If one full-time resource is approximately $5.3K per week then 3-4 full-time resources give us a range of $15K - $20K. This is your average range but depending on the seniority of the developers assigned to your project it may be higher. Keep in mind that the average salary for a senior developer is over $140,000.
Offshore software outsourcing can appear a much cheaper alternative because of the lower wages afforded to overseas developers in countries like India. However, offshore outsourcing comes with a variety of long term risks and may involve unexpected costs such as legal fees or additional training costs. In fact, one of our previous articles about the ‘20 risks associated with outsourcing offshore’ noted that figures suggest the final sum-up of offshore development can leave expenditure up to 65% higher than estimated.
Ongoing software costs
As I’ve already mentioned above, software is never finished. The reality is that there are costs involved with supporting software, just like there are costs involved with servicing your car after you’ve bought it.
The general rule of thumb is to budget 10-20% of the cost of development on support.
Ongoing support models can fluctuate significantly from agency to agency. Some agencies may define very stringent service level agreements (an agreed timeframe in which something must be completed) which leads to a higher price, while others don’t. It’s important that you choose a support model that best fits your business and product.
What I have done is I’ve created another article that looks at some costs that are likely to be consistent no matter which agency you proceed with. You can read more on the ongoing operational costs of software here.
Agile Flexibility vs Waterfall
Traditionally, companies created a single plan comprising the desired outcomes and strategies for building the application right at the very start of a project. This is then fleshed out further to include a list of requirements for this plan with an evaluation of how long the project will take and then a cost estimate. This is called waterfall development. The downside to this strategy is that the feedback and learning process isn't available until you've already finished development.
How does the decision between agile and waterfall effect budget?
As you might imagine, less flexibility means a greater domino effect. A good example is the blowout between IBM and the government’s health payroll system. The project was contracted to IBM in 2007 but was plagued by delays and budget blowouts. When the release finally happened, the system failed, resulting in a complete scrapping of the project. However, IBM still wanted the full payment of around $1.2 billion. This failure can be linked to developing without effective scoping and building without testing.
Working in iterations allows you to build to smaller targets. At the end of each target, you can obtain valuable feedback to assess if you are still working towards the right project goals. This provides huge cost savings as you pick up changes that need to be made at a much earlier stage in the build.
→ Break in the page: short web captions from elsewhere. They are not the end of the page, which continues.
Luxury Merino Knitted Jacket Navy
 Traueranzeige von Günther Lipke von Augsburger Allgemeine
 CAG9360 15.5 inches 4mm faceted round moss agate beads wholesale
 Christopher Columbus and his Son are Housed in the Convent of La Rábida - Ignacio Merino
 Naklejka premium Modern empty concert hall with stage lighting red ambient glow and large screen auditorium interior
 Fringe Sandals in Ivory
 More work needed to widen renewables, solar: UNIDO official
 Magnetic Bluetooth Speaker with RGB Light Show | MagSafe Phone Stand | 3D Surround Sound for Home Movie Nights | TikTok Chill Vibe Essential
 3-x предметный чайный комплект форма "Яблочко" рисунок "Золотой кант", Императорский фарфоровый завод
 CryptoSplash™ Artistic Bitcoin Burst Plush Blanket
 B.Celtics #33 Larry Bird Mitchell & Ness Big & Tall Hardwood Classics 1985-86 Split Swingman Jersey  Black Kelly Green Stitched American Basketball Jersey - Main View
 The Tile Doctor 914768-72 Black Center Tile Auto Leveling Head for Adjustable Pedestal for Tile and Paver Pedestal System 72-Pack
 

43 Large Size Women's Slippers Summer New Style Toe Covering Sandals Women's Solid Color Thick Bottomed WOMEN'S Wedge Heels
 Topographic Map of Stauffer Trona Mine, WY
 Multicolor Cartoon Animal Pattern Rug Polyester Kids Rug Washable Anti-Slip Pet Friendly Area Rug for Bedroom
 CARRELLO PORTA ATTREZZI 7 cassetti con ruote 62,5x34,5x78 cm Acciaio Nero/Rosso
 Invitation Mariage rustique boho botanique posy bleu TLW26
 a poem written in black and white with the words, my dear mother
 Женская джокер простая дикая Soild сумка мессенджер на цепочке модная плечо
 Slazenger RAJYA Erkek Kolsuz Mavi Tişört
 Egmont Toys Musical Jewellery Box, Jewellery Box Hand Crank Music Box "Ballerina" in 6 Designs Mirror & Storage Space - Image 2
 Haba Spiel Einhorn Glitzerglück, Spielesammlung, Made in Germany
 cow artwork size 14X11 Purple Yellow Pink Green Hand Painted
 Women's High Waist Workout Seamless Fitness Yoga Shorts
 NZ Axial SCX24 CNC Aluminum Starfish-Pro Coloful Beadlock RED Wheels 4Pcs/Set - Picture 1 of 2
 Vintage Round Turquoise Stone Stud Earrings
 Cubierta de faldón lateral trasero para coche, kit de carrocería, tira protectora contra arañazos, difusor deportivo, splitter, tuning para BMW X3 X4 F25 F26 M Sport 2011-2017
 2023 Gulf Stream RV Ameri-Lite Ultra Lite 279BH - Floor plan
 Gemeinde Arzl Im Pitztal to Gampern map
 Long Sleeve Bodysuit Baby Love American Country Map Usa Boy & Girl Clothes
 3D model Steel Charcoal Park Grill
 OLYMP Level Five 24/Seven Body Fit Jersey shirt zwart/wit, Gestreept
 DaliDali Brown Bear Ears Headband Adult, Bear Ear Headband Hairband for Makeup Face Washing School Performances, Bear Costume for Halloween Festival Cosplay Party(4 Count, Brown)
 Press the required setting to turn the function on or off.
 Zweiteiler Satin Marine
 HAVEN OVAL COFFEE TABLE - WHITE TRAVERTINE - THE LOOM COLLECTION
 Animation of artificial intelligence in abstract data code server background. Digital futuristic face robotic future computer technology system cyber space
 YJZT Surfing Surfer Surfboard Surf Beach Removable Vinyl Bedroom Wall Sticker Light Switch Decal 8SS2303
This prevents situations like above, where clients are not aware of issues until the final product is released and the final payment is due. For example, if you have a plan to develop a project in 3 sprints and through feedback identified changes to the requirements after the first iteration, then you could save on the final two-thirds of the cost by picking up on the issue earlier. For this reason, the agile methodology can help to deliver successful projects on time and within budget.
Give me the summary
- A custom software application starts between $150,000 and $200,000+ depending on the complexity and size of the app.
- Larger applications will cost more but shouldn’t be completed in a single phase.
- Scoping is critical to aligning on what should be built and accurately estimating how long that will take.
- There are ongoing maintenance costs associated with software.
- Build iteratively to mitigate the risk of a project blowout.